In this post, I’m going to look at three types of data, and the implications for data management. For the purposes of this story, I’m going to associate these types with three contrasting metals: bronze, gold and mercury. (Update: fourth type added – scroll down for details.)
The first type of data represents something that happened at a particular time. For example, transaction data: this customer made this purchase of this product on this date. This delivery was received, this contract was signed, this machine was installed, this notification was sent.
Once this kind of data is correctly recorded, it should never change. Even if an error is detected in a transaction record, the usual procedure is to add two more transaction records – one to reverse out the incorrect values, and one to reenter the correct values.
For many organizations, this represents by far the largest portion of data by volume. The main data management challenges tend to be focused on the implications of this – how much to collect, where to store it, how to move it around, how soon can it be deleted or archived.
The second type of data represents current reality. This kind of data must be promptly and efficiently updated to reflect real-world changes. For example, the customer changes address, an employee moves to a different department. Although the changes themselves may be registered as Bronze Data, what we really want to know is where does the customer now reside, where does Sam now work.
Some of these updates can be regarded as simple facts, based on observations or reports (a customer tells us her address). Some updates are derived from other data, using calculation or inference rules. And some updates are based on decisions – for example, the price of this product shall be X.
And not all of these updates can be trusted. If you receive an email from a supplier requesting payment to a different bank account, you probably want to check that this email is genuine before updating the supplier record.
Typically much smaller data volumes than Bronze, but much more critical to the business if you get it wrong.
Finally, we have data with a degree of uncertainty, including estimates and forecasts. This data is fluid, it can move around for no apparent reason. It can be subjective or based on unreliable or partial sources. Nevertheless, it can be a rich source of insight and intelligence.

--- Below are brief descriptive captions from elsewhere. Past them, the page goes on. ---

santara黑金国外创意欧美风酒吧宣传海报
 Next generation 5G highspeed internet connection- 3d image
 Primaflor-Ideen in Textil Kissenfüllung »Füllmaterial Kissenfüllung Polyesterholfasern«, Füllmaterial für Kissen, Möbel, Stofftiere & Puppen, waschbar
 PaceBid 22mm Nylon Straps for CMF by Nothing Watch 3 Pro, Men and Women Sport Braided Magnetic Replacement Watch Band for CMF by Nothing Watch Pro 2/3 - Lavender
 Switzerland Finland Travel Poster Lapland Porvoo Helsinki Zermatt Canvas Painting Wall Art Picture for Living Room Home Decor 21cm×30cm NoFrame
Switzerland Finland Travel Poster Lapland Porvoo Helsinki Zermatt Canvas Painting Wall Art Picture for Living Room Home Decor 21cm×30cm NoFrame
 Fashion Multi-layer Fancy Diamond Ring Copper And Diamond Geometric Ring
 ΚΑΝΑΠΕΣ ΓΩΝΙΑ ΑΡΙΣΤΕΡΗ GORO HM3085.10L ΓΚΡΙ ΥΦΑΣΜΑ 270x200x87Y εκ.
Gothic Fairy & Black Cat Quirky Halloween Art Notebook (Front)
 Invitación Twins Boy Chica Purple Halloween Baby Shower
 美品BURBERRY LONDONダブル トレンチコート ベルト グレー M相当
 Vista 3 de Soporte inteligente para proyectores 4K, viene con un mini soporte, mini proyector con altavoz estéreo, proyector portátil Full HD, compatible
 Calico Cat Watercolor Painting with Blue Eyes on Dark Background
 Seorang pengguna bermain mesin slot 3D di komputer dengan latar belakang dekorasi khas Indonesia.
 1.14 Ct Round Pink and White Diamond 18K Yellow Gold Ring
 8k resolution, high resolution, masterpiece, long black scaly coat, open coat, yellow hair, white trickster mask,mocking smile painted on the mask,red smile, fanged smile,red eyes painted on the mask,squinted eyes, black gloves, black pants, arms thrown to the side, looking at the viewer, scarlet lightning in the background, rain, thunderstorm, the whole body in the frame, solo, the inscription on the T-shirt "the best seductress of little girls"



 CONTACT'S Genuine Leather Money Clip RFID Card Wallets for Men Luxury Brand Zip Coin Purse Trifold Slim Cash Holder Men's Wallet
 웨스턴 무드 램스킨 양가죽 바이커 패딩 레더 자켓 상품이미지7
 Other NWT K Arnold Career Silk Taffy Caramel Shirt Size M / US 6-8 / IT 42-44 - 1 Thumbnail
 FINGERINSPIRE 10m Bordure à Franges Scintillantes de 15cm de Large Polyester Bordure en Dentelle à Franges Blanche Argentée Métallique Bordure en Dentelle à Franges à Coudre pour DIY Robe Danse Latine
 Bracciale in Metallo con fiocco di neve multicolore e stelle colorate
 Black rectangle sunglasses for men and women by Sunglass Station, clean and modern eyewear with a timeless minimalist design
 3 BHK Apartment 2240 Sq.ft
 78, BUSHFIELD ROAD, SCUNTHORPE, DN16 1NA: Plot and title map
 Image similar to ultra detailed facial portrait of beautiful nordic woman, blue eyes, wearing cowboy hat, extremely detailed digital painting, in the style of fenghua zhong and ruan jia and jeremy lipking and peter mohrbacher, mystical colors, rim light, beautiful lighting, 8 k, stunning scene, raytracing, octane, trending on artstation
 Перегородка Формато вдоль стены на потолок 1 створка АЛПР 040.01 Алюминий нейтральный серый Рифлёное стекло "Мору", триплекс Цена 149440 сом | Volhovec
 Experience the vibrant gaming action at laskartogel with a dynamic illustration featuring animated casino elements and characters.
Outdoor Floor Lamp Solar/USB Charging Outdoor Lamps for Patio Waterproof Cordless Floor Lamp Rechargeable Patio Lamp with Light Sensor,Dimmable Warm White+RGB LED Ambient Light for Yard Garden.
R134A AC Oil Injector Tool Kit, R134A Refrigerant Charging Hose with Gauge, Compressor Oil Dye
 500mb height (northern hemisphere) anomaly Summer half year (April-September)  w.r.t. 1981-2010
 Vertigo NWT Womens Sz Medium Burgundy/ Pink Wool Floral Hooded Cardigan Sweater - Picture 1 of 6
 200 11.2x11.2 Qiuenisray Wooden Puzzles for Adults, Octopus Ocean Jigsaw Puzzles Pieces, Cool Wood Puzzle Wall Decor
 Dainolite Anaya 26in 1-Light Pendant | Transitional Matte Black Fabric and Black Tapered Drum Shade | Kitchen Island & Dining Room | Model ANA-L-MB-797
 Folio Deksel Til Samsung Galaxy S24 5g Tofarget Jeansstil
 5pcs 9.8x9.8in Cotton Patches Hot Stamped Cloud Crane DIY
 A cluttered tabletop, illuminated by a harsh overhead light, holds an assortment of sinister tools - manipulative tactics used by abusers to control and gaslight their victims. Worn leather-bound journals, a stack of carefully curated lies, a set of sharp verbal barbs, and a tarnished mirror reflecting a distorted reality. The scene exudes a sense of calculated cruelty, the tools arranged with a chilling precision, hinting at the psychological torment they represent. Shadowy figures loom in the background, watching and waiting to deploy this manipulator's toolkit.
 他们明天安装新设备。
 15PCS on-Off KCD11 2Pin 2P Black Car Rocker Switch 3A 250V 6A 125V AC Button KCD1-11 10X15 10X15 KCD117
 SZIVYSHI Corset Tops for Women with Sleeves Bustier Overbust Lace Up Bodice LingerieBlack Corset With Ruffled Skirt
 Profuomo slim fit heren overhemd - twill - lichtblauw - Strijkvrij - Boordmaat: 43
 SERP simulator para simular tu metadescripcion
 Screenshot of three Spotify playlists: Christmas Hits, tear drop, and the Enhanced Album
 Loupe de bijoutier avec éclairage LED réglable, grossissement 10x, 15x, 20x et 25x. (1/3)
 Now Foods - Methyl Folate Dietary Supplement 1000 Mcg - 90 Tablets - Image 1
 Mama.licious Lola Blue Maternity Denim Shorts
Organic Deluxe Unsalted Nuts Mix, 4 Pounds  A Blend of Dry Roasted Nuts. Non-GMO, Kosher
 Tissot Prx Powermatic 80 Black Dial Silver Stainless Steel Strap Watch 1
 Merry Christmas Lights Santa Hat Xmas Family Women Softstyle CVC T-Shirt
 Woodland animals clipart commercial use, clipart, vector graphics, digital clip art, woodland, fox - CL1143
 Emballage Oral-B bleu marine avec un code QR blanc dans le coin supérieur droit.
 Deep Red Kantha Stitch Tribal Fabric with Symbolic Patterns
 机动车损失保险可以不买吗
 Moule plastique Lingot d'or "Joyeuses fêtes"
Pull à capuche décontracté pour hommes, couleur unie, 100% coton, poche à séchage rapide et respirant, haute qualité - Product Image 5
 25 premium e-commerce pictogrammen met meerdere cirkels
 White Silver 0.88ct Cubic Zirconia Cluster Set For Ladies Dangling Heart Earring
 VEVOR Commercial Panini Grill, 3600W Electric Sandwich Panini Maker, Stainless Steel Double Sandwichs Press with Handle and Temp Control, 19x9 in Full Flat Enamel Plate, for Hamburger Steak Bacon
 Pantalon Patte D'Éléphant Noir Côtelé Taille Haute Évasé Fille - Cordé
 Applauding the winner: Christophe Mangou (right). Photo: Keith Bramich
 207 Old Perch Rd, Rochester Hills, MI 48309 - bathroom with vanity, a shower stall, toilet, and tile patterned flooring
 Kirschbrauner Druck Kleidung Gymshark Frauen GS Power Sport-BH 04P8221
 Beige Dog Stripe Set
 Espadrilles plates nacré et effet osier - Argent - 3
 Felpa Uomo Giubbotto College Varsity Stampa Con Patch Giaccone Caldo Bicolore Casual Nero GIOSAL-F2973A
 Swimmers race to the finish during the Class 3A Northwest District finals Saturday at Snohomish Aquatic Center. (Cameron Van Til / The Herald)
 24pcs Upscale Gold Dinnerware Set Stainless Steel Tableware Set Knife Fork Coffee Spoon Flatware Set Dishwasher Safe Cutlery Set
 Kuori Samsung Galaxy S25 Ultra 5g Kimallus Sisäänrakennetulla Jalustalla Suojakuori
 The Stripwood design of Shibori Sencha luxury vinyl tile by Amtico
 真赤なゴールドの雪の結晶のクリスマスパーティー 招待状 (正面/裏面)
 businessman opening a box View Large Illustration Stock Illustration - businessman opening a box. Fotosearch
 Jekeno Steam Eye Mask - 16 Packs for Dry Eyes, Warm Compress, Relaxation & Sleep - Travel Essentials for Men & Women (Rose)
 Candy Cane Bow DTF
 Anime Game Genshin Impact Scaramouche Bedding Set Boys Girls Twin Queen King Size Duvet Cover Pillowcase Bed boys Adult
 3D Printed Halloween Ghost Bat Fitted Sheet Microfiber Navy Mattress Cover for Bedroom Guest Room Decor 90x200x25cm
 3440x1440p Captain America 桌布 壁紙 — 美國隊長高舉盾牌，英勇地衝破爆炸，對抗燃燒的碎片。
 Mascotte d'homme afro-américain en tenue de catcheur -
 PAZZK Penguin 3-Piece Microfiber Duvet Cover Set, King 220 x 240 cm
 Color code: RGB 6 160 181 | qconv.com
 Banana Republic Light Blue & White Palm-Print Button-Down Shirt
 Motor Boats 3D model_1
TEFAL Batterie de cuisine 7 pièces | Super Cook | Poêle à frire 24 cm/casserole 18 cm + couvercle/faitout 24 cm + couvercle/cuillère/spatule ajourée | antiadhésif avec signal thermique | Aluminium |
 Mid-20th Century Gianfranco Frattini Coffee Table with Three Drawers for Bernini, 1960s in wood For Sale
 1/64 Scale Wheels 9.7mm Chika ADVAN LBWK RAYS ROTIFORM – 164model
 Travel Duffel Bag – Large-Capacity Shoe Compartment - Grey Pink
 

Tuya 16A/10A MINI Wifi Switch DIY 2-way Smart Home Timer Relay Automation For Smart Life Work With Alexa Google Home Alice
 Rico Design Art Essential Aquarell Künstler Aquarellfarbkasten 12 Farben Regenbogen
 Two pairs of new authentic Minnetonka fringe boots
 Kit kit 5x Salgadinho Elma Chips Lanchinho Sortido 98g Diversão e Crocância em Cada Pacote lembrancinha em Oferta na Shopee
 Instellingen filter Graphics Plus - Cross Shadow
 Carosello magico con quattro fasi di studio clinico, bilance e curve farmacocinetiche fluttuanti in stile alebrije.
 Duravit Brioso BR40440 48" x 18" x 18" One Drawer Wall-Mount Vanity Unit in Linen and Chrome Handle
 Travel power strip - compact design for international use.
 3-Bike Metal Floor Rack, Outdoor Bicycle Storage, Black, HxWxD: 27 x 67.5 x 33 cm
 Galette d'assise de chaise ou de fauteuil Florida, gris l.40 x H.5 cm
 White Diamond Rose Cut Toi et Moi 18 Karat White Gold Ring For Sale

This category also includes projected and speculative data. For example, we might be interested in developing a fictional “what if” scenario – what if we opened x more stores, what if we changed the price of this product to y?
For some reason, an estimate that is generated by an algorithm or mathematical model is sometimes taken more seriously than an estimate pulled out of the air by a subject matter expert. However, as Cathy O’Neill reminds us, algorithms are themselves merely opinions embedded in code.
If you aren’t sure whether to trust an estimate, you can scrutinize the estimation process. For example, you might suspect that the subject matter expert provides more optimistic estimates after lunch. Or you could just get a second opinion. Two independent but similar opinions might give you more confidence than one extremely precise but potentially flawed opinion.
As well as estimates and forecasts, Mercury data may include assessments of various kinds. For example, we may want to know a customer’s level of satisfaction with our products and services. Opinion surveys provide some relevant data points, but what about the customers who don’t complete these surveys? And what if we pick up different opinions from different individuals within a large customer organization? In any case, these opinions change over time, and we may be able to correlate these shifts in opinion with specific good or bad events.
Thus Mercury data tend to be more complex than Bronze or Gold data, and can often be interpreted in different ways.
@tonyjoyce suggests a fourth type.
This is good. I’d like to suggest there is another elemental type, in the taxonomy we use for structures. A substrate for complex data like addresses. Call it glass, for it shatters when stressed.
— tonyjoyce (@tonyjoyce) July 10, 2020
This is a great insight. If you are not careful, you will end up with pieces of broken glass in your data. While this kind of data may be necessary, it is fragile and has to be treated with due care, and can’t just be chucked around like bronze or gold.
Single Version of Truth (SVOT)
Bronze and Gold data usually need to be reliable and consistent. If two data stores have different addresses for the same customer, this could indicate any of the following errors.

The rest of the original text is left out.